The large meeple adds a powerful tool for settling contested features decisively. Use it correctly once and the impact is immediately obvious.
Inns & Cathedrals also includes tiles for a sixth player. For the price and complexity addition, this is far and away the best value expansion in the Carcassonne line.
Second: Traders & Builders (~$20–$25)
Get this second — it deepens the strategic layer without complicating the rules.
Traders & Builders adds two major mechanics:
- Builders: a second follower per player that, when placed in a city or road you already have a meeple in, gives you a bonus turn whenever you extend that feature. Build your city, trigger your builder, place another tile. The bonus turn snowballs development and rewards players who commit to their features.
- Trade goods: cloth, grain, and barrel tokens are attached to certain city tiles. When a city with trade goods completes, the tokens go to whoever scored the city. At game end, the player with the most of each type scores bonus points.
The builder mechanic fundamentally changes mid-game pacing. Having a builder active in a large city means you can rush it to completion before opponents can react — you’re generating extra turns they don’t have. This is the most strategically interesting addition in the expansion line after Inns & Cathedrals.
Trade goods add a quiet secondary objective that influences city targeting. It’s subtle but meaningful — sometimes the city with the most goods is a better target than the largest city.
Third: The Princess & The Dragon (~$20–$25)
An interesting expansion with a higher disruption level — buy it for groups that want more chaos.
The Princess & the Dragon adds fairy tale elements: a dragon that moves across the board eating meeples and a fairy that protects a single meeple from the dragon. When a dragon tile is placed, players take turns moving the dragon (it must move six spaces) and it destroys any meeple it lands on.
This is the most aggressive expansion in the core line. Meeples getting eaten mid-feature — including farmers, including carefully placed pieces — adds a chaotic element that some groups love and some groups hate. The fairy provides protection but only for one piece at a time.
Who should buy it: groups that want higher variance, don’t mind losing meeples unexpectedly, and enjoy a more chaotic experience. It’s divisive for a reason — the dragon can swing games heavily, which feels unfair to players who prefer pure strategy.
Who should skip it: two-player groups (the chaos feels less controlled), players who dislike random disruption to long-term plans, or anyone who found the base game perfectly balanced.
Fourth: Bridges, Castles & Bazaars (~$20)
A solid mid-tier expansion — worth it if you’ve exhausted Inns and Traders.
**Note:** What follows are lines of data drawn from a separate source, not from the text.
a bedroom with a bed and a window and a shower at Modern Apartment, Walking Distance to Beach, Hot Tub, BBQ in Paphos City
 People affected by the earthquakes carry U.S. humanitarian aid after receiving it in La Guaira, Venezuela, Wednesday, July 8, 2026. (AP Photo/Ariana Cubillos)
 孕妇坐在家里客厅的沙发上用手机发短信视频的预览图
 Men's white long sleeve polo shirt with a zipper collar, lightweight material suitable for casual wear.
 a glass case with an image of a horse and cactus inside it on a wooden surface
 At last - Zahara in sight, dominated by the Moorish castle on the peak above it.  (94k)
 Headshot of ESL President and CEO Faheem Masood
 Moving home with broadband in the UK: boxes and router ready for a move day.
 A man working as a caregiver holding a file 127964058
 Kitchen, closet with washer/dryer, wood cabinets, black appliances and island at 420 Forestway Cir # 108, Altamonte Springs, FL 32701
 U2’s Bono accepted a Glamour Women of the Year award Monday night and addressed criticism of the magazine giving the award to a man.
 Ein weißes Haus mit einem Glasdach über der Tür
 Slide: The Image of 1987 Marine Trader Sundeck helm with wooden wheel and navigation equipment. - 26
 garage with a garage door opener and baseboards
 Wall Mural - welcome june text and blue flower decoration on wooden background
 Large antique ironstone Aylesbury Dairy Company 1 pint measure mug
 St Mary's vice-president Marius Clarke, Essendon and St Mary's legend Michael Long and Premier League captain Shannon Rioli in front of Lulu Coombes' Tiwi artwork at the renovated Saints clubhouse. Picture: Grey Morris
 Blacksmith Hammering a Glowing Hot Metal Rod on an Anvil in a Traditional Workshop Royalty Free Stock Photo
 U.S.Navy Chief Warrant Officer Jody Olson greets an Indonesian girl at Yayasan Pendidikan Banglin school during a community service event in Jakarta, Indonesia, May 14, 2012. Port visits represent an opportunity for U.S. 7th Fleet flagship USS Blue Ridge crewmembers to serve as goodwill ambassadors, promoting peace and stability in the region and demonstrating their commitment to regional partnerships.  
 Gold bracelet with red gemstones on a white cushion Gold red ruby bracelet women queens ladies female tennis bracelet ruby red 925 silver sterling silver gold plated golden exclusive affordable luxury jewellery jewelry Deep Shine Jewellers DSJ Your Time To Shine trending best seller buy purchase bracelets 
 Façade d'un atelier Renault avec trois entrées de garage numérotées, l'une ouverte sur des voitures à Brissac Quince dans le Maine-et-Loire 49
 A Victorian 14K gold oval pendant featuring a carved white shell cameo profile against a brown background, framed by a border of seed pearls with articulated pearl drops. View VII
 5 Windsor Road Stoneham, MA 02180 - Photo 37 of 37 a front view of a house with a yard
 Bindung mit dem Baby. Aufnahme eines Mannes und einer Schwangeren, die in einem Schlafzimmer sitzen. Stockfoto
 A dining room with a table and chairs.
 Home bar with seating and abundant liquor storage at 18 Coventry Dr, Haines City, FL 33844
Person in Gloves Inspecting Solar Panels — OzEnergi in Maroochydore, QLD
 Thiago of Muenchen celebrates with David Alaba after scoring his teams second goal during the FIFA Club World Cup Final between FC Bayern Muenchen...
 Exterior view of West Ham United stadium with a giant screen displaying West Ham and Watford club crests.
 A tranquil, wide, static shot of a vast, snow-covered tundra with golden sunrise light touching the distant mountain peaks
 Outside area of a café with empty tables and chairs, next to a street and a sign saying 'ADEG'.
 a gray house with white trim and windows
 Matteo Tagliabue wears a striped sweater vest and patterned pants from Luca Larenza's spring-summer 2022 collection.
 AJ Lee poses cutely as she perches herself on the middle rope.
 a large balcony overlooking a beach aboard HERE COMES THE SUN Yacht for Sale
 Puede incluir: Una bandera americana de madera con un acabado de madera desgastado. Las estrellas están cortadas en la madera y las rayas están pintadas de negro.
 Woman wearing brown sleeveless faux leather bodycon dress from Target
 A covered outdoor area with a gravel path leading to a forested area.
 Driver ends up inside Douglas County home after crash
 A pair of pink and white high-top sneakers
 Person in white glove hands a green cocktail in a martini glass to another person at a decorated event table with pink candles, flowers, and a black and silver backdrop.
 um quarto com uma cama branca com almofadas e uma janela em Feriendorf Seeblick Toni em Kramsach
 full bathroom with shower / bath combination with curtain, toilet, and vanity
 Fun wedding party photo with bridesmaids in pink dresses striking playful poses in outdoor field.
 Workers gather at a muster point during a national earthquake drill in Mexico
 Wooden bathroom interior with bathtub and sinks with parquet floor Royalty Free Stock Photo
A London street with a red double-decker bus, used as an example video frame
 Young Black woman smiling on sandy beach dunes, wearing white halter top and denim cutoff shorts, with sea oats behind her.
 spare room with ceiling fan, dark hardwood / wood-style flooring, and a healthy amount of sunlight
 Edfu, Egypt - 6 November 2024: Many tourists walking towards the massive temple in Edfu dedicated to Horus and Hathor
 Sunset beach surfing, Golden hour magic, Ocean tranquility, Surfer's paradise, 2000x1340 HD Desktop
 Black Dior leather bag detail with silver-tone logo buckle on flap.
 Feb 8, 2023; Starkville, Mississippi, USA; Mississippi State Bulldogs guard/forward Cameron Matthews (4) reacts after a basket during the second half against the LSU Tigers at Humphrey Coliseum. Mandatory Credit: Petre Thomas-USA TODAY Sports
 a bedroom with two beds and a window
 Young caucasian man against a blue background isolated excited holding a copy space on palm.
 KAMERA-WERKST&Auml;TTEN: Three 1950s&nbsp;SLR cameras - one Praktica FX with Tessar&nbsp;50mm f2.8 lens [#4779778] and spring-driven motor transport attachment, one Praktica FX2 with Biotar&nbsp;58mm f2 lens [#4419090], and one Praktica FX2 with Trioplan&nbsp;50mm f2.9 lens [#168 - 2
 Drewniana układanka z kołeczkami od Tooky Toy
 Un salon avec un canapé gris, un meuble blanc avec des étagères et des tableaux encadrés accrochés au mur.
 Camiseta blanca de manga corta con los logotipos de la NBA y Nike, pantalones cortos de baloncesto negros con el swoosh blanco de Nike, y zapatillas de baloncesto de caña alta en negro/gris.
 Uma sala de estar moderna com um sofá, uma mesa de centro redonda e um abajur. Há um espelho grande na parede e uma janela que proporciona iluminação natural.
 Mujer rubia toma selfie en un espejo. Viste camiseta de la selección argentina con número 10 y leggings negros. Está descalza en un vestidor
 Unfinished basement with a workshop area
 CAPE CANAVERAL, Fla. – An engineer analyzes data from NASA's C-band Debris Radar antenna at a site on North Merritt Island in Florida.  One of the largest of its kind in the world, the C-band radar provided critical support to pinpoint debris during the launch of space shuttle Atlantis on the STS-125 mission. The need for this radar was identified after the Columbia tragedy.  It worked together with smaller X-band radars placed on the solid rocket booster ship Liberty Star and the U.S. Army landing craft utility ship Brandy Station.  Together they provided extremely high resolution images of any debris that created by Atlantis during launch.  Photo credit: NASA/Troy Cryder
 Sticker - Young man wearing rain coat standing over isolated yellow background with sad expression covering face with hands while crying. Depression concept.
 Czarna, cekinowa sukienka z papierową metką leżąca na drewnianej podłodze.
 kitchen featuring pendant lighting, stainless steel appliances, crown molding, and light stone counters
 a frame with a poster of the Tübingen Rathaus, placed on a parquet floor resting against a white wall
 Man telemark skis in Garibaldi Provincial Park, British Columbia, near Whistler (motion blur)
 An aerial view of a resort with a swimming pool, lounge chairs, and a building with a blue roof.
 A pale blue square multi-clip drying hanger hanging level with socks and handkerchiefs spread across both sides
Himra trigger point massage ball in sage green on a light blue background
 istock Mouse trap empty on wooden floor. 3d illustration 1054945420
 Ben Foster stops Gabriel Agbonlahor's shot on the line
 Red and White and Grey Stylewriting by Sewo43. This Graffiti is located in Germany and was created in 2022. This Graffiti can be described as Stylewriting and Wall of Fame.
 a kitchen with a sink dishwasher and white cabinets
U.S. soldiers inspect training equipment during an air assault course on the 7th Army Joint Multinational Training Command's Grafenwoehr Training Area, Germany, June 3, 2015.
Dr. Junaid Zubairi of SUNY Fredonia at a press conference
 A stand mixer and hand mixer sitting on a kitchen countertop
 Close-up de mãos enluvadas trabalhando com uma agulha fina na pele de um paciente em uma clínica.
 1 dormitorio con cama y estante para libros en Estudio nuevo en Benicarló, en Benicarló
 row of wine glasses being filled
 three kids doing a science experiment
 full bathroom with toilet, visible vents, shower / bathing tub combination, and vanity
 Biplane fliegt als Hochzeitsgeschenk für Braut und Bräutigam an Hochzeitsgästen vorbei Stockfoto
This expansion adds three mechanics:
- Bridges let you extend roads over field gaps, opening new placement options where the tile layout would normally end a road.
- Castles let you convert two adjacent small cities into a single castle that scores based on the next feature completed nearby.
- Bazaars add tile auctions mid-game, where players bid meeples to claim specific tiles from a drawn selection.
Bridges are the most practically useful addition — they open up the map in ways that reduce the dead-end frustration of late-game tile draws. Castles are a clever high-risk mechanism (you’re betting on what your opponent will complete nearby). Bazaars are interesting but can slow games noticeably.
Best for groups that have played the first two expansions extensively and want fresh mechanics without going into full expansion overload.
What to Skip (or Buy Last)
Hills & Sheep: Adds sheep tokens and shepherd meeples that score based on flock size. Competent but introduces a tracking overhead that slows turns without adding dramatic decisions. Fine to own eventually, not essential.
The Tower: Adds tower pieces that can capture opponents’ meeples, holding them hostage until a ransom is paid. Thematically fun, strategically frustrating — the hostage mechanic feels punishing in a way that breaks the game’s otherwise clean flow. Most experienced Carcassonne players don’t recommend it.
Catapult: Physically throws tokens across the table to land on tiles and grant scoring bonuses. It’s a party game grafted onto a strategic one. Avoid unless your group explicitly wants a silly physical challenge mechanic.
Abbey & Mayor: Adds abbeys (monastery variants that fill awkward gaps) and mayors (a special meeple for cities only). Competent and clean. If you want to expand your city options, this works — but it’s not essential over the expansions above.
Recommended Buying Order

| Order | Expansion | Why |
|---|---|---|
| 1st | Inns & Cathedrals | High risk/reward decisions, large meeple, best value |
| 2nd | Traders & Builders | Builder mechanic changes mid-game strategy meaningfully |
| 3rd | Princess & The Dragon | For groups that want more chaos and disruption |
| 4th | Bridges, Castles & Bazaars | Opens up map flexibility, auction mechanic |
| Skip/last | Tower, Catapult | Disruptive or gimmicky — not for strategic play |
Start with the base game and play it enough to feel the constraints. Then Inns & Cathedrals. Between those two, you have more Carcassonne than most groups ever need.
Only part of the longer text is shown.